EMI: Embed, Measure and Iterate

Abstract: Representation learning, colloquially known as embeddings, has emerged as an important unifying theme in the machine learning community and is widely used in communities ranging from social media to computer vision and natural language processing. The core idea is to leverage large quantities of context-rich data, whether labeled or unlabeled, to ‘embed’ data points into vectors. These vectors can then serve as feature sets for classic machine learning classifiers like Logistic Regression. Embedding algorithms like word2vec and DeepWalk have yielded impressive results in natural language and graph processing pipelines. In the research community, there is a concerted effort now to build faster and better embedding algorithms for all kinds of heterogeneous datasets, including videos with tags and annotations, social media data and tables.
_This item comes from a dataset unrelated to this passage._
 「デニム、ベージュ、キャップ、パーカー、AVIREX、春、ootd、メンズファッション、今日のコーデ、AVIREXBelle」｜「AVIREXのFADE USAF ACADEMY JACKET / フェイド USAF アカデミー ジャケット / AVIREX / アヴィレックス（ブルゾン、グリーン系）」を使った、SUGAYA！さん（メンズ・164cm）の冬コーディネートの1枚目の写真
Much less attention has been paid to the issue of what makes an embedding ‘good’. In practice, two kinds of embeddings have emerged. One is specialized e.g., in facial recognition, we would be less interested in learning an embedding that works well for all images than in embeddings that help our systems do better facial recognition. However, when multiple tasks are involved (as is common in NLP), a more general embedding is preferable since a ‘jack of all trades’ approach leads to a better overall system, and is more scalable and robust.

In this talk, I will introduce general and specialized embeddings, and the methodology for measuring and iteratively improving such embeddings within the context of both known and unknown applications. My goal is not to explain or propose (yet another) embedding algorithms, but to provide insight on how an embedding algorithm or package should be thought of, and evaluated, in the real world.
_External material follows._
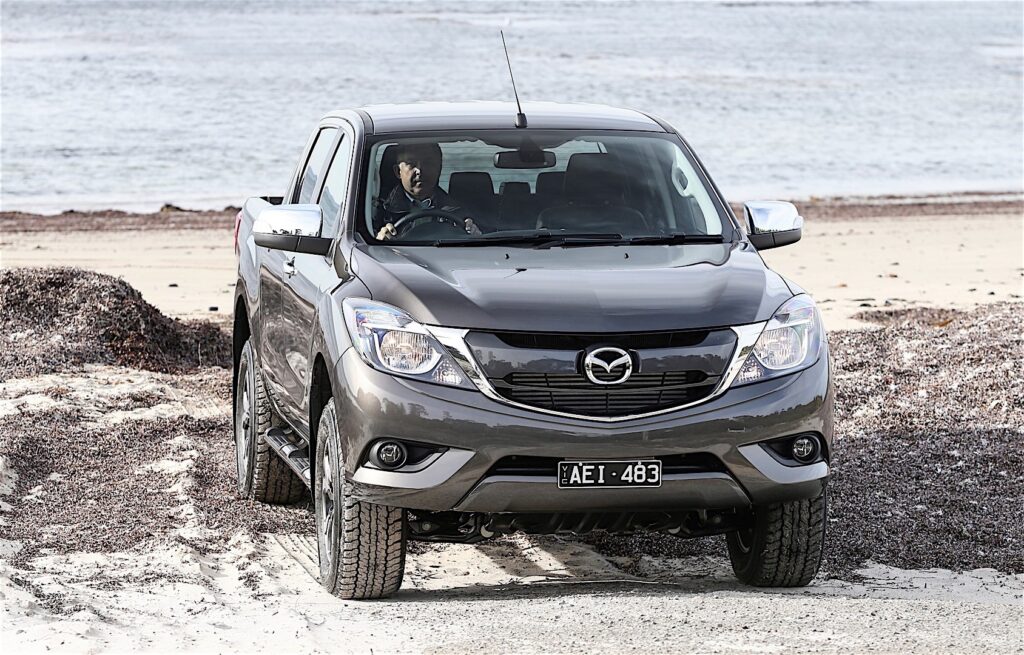 MAZDA BT-50 2015-2018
Bio: Mayank Kejriwal is a research scientist and lecturer at the University of Southern California's Information Sciences Institute (ISI). He received his Ph.D. from the University of Texas at Austin. His dissertation involved Web-scale data linking, and in addition to being published as a book, was recently recognized with an international Best Dissertation award in his field. His research is highly applied and sits at the intersection of knowledge graphs, social networks, Web semantics, network science, data integration and AI for social good. He has contributed to systems that are being used by both DARPA and by law enforcement, and he has active collaborations in both academia and industry. He is currently co-authoring a textbook on knowledge graphs (MIT Press, 2018), and has delivered tutorials and demonstrations at numerous conferences and venues, including KDD, AAAI, and ISWC.